Genomics and Bioinformatics Team | 2021 Progress Report

Cucurbit Coordinated Agricultural Project Annual Progress Report|bioinformatics platforms, databases, pan-genomic analyses

CucCAP researchers and stakeholders met on October 27, 28 & 29, 2022 to present and discuss the grant’s accomplishments, ongoing research, plans and expectations.

Team members:

  • Zhangjun Fei (Boyce Thompson Institute)
  • Shan Wu (Boyce Thompson Institute)
  • Amnon Levi (USDA, ARS)
  • Yiqun Weng (USDA, ARS)
  • Michael Mazourek (Cornell University)
  • Jim McCreight (USDA, ARS)
  • Rebecca Grumet (Michigan State University)

CucCAP Affiliated Postdocs and Graduate Students

  • Jingyin Yu – Postdoc at Boyce Thompson Institute (Fei, Wu)
  • Honghe Sun – Graduate Student at Cornell Plant Biology (Fei, Wu)

Objectives

Develop novel advanced bioinformatic, pan-genome, and genetic mapping tools for cucurbits.

Work in progress and plans

1.1. Develop genomic and bioinformatic platforms for cucurbit crops.

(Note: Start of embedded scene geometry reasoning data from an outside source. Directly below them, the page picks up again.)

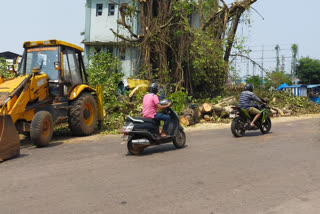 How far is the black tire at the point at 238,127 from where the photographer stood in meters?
11.0

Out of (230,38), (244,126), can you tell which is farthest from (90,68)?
(244,126)

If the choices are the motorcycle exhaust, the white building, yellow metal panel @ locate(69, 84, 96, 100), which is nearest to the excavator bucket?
the motorcycle exhaust

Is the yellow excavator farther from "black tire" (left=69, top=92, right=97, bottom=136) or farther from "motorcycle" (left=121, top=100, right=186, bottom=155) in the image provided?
"motorcycle" (left=121, top=100, right=186, bottom=155)

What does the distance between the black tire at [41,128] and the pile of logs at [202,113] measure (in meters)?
6.46

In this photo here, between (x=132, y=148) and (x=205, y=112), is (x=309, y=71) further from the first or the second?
(x=132, y=148)

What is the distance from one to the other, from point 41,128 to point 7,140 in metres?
1.32

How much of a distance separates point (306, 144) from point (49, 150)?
687 cm

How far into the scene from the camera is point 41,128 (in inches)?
361

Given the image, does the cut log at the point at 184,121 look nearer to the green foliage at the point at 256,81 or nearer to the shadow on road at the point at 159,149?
the shadow on road at the point at 159,149

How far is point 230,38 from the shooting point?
20625 mm

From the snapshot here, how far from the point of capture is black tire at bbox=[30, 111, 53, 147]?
9.07 metres

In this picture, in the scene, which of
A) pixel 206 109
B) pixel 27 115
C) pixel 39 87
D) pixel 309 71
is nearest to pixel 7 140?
pixel 27 115

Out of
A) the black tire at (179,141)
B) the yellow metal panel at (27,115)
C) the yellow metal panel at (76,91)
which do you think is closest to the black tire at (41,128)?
the yellow metal panel at (27,115)

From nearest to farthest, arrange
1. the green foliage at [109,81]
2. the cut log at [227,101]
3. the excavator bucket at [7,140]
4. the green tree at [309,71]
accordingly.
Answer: the excavator bucket at [7,140] < the green foliage at [109,81] < the cut log at [227,101] < the green tree at [309,71] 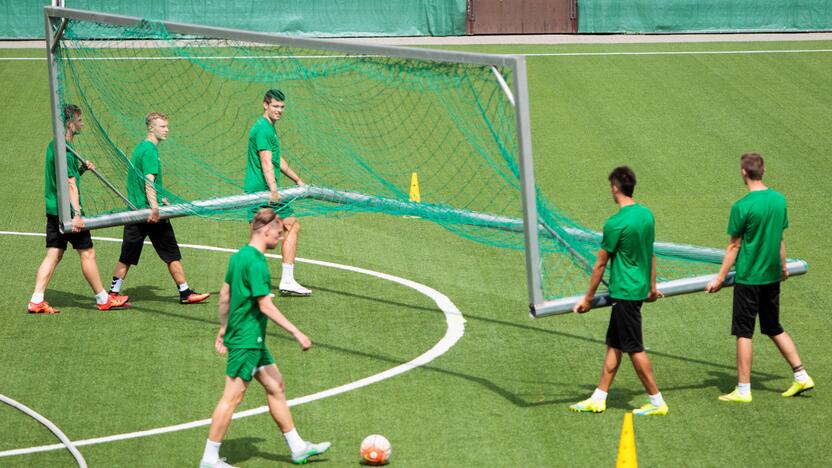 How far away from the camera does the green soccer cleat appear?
34.4 feet

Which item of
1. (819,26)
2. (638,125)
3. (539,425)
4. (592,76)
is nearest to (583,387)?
(539,425)

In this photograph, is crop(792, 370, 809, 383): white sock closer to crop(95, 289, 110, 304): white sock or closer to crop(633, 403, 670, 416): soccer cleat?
crop(633, 403, 670, 416): soccer cleat

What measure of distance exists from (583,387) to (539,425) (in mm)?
1016

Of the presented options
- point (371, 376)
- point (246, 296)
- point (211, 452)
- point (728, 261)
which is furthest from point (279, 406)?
point (728, 261)

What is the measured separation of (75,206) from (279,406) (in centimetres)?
502

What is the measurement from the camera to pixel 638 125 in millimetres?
21953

1.1.1. Development of high-resolution genotyping platforms for cucurbits.

Our main goal here is to construct single-base resolution genome variation maps (variomes) including both SNPs and SVs through genome resequencing of all accessions in the core collections of cucumber, watermelon, melon and squash, and make them publicly available to the community. Currently samples have been grown for the cucumber core collection, and tissues are being collected and DNA extracted.

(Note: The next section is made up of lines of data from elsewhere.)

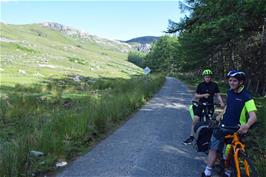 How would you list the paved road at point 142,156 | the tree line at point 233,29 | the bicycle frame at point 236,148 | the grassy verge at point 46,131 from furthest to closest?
the tree line at point 233,29
the paved road at point 142,156
the grassy verge at point 46,131
the bicycle frame at point 236,148

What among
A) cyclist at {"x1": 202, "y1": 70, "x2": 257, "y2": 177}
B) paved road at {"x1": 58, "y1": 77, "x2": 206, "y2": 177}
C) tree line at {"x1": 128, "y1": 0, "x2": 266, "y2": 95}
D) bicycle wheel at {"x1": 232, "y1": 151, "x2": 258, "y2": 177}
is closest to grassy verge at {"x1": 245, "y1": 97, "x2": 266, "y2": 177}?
bicycle wheel at {"x1": 232, "y1": 151, "x2": 258, "y2": 177}

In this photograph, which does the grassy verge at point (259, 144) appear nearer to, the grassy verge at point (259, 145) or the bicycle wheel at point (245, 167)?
the grassy verge at point (259, 145)

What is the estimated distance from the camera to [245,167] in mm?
5469

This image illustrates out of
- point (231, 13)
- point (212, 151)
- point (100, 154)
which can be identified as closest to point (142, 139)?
point (100, 154)

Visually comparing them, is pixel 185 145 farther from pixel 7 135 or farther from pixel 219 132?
pixel 7 135

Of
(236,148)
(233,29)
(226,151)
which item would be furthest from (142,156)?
(233,29)

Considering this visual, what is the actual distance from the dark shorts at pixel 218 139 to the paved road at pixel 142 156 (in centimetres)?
113

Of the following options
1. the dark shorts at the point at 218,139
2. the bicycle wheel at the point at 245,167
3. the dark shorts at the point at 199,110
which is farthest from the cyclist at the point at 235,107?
the dark shorts at the point at 199,110

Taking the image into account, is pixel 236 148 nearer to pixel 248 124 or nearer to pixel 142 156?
pixel 248 124

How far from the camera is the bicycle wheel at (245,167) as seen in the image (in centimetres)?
543

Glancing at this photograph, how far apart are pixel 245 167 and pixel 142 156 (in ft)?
11.1

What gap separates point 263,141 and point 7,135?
25.0ft

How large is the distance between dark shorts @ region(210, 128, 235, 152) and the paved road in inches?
44.7

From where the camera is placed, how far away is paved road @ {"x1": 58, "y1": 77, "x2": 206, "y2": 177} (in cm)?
728
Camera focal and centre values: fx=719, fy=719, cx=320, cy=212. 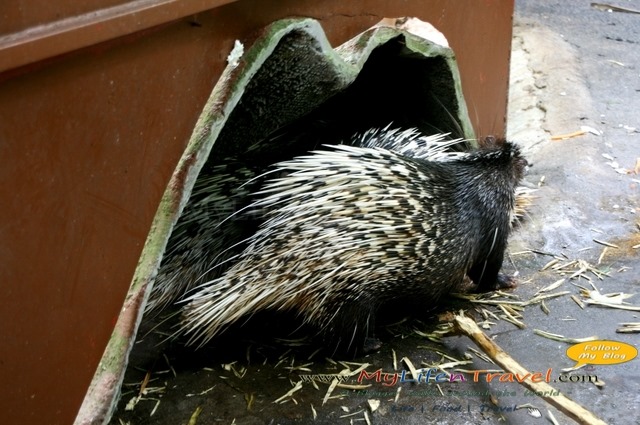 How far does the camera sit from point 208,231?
2533mm

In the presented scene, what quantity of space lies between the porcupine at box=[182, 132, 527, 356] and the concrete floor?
0.18m

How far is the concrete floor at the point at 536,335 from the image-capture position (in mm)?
2174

Under CucCAP1, genome resequencing data for 21 accessions in the Cucurbita pepo core collection and for 133 accessions in the cucumber core at an average depth of ~15× were generated and processed.

1.1.2. Development of novel, advanced genome and pan-genome platforms for cucurbit species.

Due to the reduced sequencing cost and contributions of the genome resequencing and de novo genome sequencing by our Chinese collaborators, we have changed our plan from generating one or two additional reference genomes to developing multiple reference genomes (several dozens) for each crop (mainly cucumber and watermelon) using the HiFi sequencing technology.

For cucumber, we have selected 25 accessions including five wild Cucumis sativus var. hardwickii, four semi-wild Xishuangbanna and 16 cultivated cucumbers for HiFi sequencing. Ten of these 25 accessions are from the core collection. Plants of these 25 accessions are grown at BTI greenhouse. High molecular weight (HMW) DNA has been extracted for six accessions and sent out in early October to Mount Sinai for sequencing. In addition, in collaboration with the Chinese group, we have sequenced and assembled reference genomes for another 11 cucumber accessions using PacBio CLR reads, including seven cultivated, one Xishuangbanna and three wild cucumbers.

For watermelon, in collaboration with the Chinese group, we selected a total of 127 accessions for reference genome development, including one Citrullus naudinianus, one C. rehmii, one C. ecirrhosus, five C. colocynthis, 13 C. amarus, five C. mucosospermus, eight landrace, and 93 cultivated lines. Eight of these accessions are in the core (five C. amarus, one landrace, and two cultivated). Sequencing of two accessions have been completed and leaf tissues of 122 accessions have been sent to the company for DNA extraction, library preparation and HiFi sequencing, while leaf tissues for the remaining three accessions should be be ready in a month. In addition, we have assembled a C. mucosospermus (USVL531-MDR) genome using PacBio CLR reads, resulting in 78 contigs with a total size of 365.3 Mb and an N50 contig size of 27.58 Mb; and 99.4% of the contigs were anchored and ordered to the 11 watermelon chromosomes. We have also assembled a Kordofan melon (C. lanatus subsp. cordophanus) genome using PacBio CLR reads. The assembled genome contained 86 contigs with a total size of 367.9 Mb and an N50 length of 9.34 Mb, and 98.94% of the contigs were clustered into 11 pseudomolecules.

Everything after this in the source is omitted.